The colorful denizens of the Wild Hare Salon, Jarod’s Automotive, and Hopper’s nightclub, along with those of the Briargrove First Methodist Church and the Sulfur Gap Centennial Celebration, will two-step their way right into your heart, to music as familiar as Willie Nelson and Charley Pride. And you just might start to fall in love with an old Johnny Mercer tune, too, as Charley Bristow faces his past and embraces the challenge of his future.

Praise for The Lark

"Good-time Charley" Bristow is a popular twenty-something West Texas hairstylist who's already dodged two bullets with two failed marriages (the second time, literally). . . . The Lark invites us to join Charley's friends, the rural cosmopolitans of Sulfur Gap, and ride shotgun alongside this rogue with an honest heart . . . on a journey into his past.  Dana Glossbrenner has crafted a totally engaging quest for happiness, set it in a totally genuine contemporary Texas, and delivered up great characters for a great read.

-- Cliff Hudder, author of Splinterville and Pretty Enough for You

Charley Bristow takes some things seriously--work, dancing, pool-playing, and women, but maybe not in that order. He finds the true importance of friends and family.

-- Rick Smith, San Angelo Standard Times

THE LARK: Excerpt from Chapter 1, “Burned and Burning”

As soon as they stepped inside the club, Charley saw Dick Raney wave Wayne over to the bar for a neighborly chat. Charley headed for his favorite table. No stranger at the nightclub, he nodded to the guys at the pool tables. He saw the familiar look on their faces as they concentrated on their games, their body language telling him they weren’t in the mood to take a trouncing from him. He smiled as he remembered the old regulars who’d taught him to play at Hopper’s and the VFW. 

Mitch Teague, still haunting the tables, sat on a bar stool in a corner, arms crossed, watching a game. He lifted a hand to Charley. With a big, brushy mustache and bristly whiskers under a crooked nose that had been broken a few times, he looked rough. The scar over his left eyebrow hadn’t faded over the years, either. A smashed-up straw western hat he seldom removed, broken-down western boots, raggedy jeans, and a leather vest over his T-shirt of the day completed his ensemble. Since the age of twelve, Charley had considered Mitch a mentor in the game of pool—and of life. 

He nodded to his role model. 

“How’s yer mom these days?” Mitch asked. 

“Hard to tell. You know she’s not a big talker.”

 “I remember she used to be. Friendliest waitress in three counties.” 

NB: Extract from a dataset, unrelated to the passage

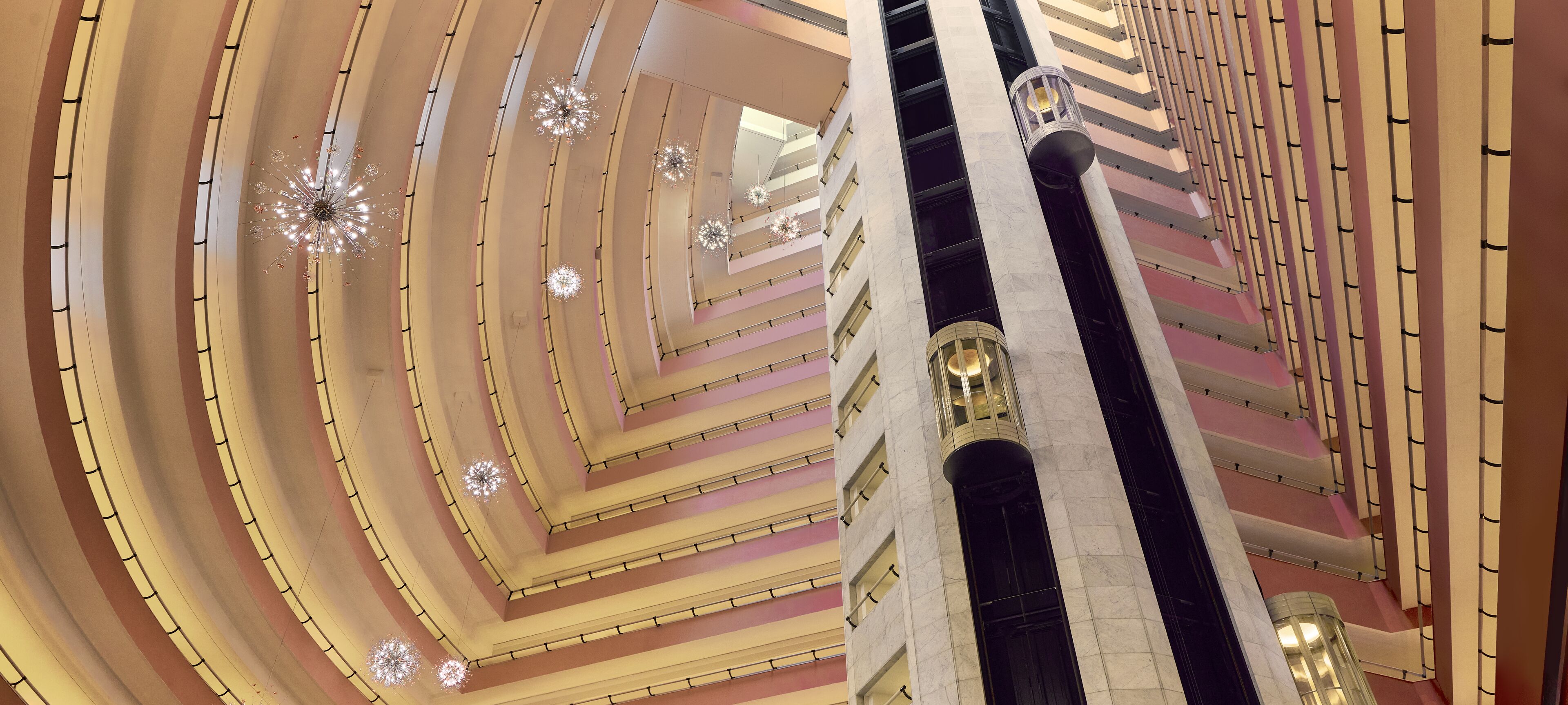A multi-level atrium with a central staircase, multiple floors, and decorative lighting fixtures.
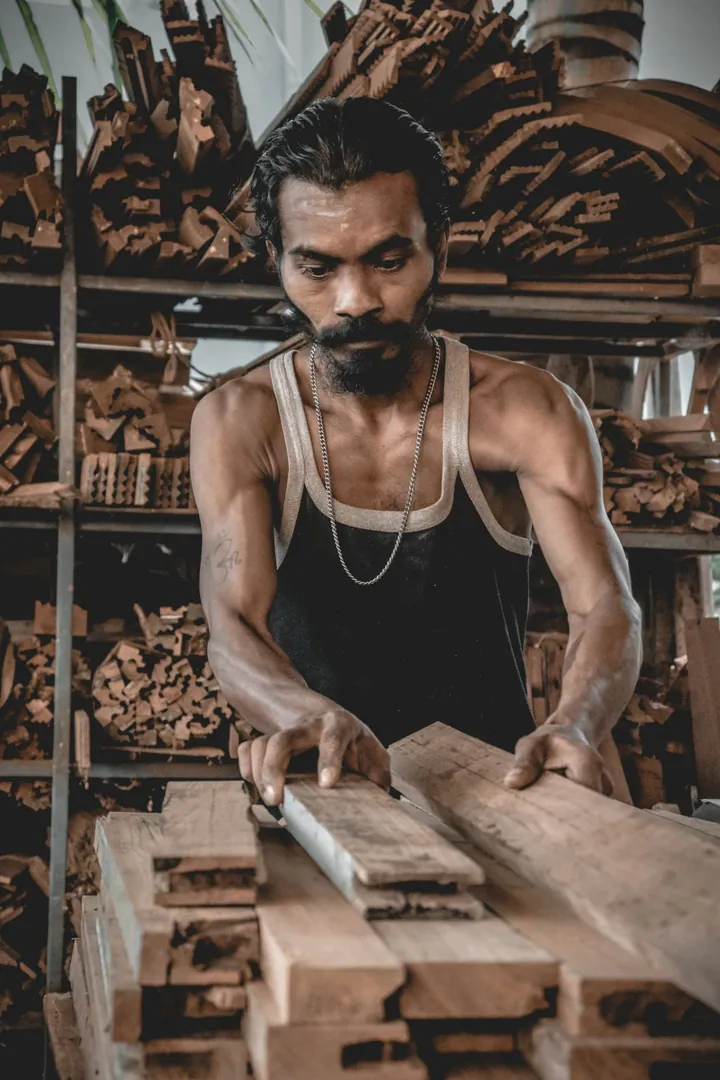 Artisan travaillant le bois dans un atelier entouré de planches et de machines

“Yeah, she got lots of practice between working here and the VFW.” 

“She don’t get out much now, does she?” 

“Nope. Health issues, I guess.” Falling back on the mention of a woman’s physical condition tended to divert further questions. 

“Well, I’m glad you still come around.” 

“It’s good to see you, too, Mitch,” Charley said, clapping him on the back. It was a good thing people had never been too rule-conscious in Sulfur Gap, so that even when he was under age, Charley had been able to go with his mother for her daytime shifts and hang around afterwards while she caught up on her own drinking. Charley had better-quality supervision at the bars, playing pool with guys like Mitch, than he would’ve had staying home with his mother’s boyfriend of the moment. 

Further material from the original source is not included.